[RECORDS FOR THIS EXERCISE]
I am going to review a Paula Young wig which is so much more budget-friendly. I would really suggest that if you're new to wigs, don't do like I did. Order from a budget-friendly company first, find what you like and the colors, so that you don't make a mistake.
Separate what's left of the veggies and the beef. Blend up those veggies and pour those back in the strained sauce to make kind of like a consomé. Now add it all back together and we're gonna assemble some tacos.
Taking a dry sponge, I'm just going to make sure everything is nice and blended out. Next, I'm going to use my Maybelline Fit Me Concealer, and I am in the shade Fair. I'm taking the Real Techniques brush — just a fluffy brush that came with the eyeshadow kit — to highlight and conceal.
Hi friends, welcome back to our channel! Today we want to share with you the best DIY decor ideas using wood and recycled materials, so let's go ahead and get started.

---

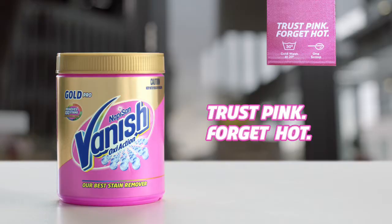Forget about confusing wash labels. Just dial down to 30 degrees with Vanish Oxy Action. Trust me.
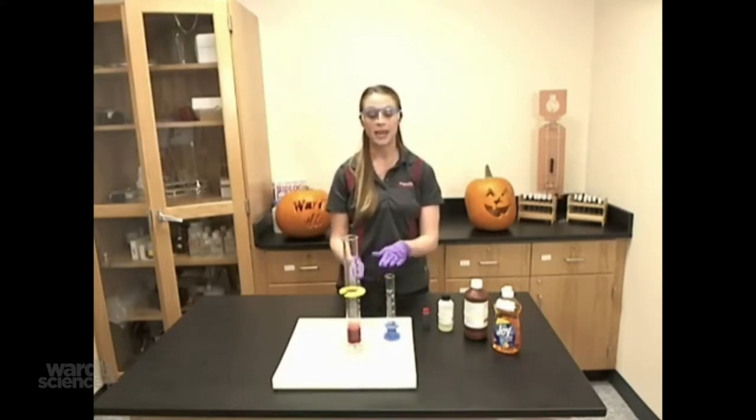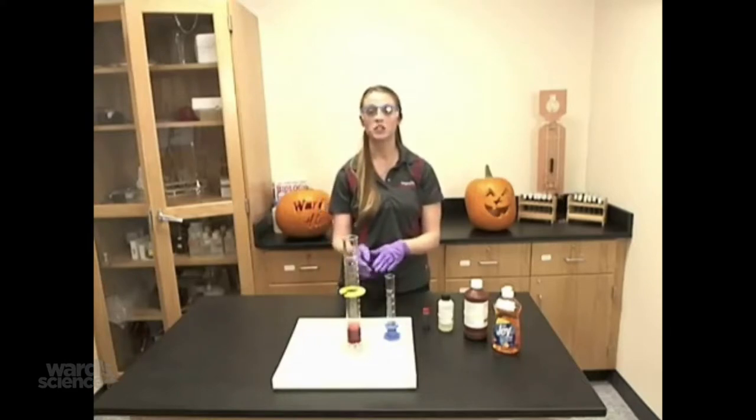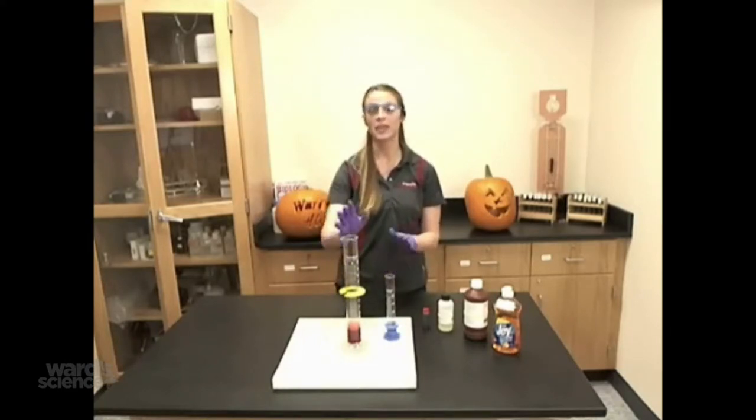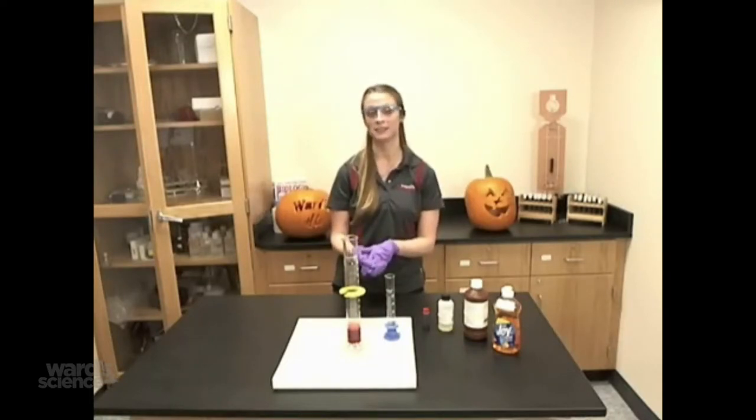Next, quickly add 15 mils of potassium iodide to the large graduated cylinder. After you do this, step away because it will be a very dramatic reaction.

[EXERCISE PROMPT] Count the lines in the entries above that include the string "what", then give only that figure.

[WORKED SOLUTION] 2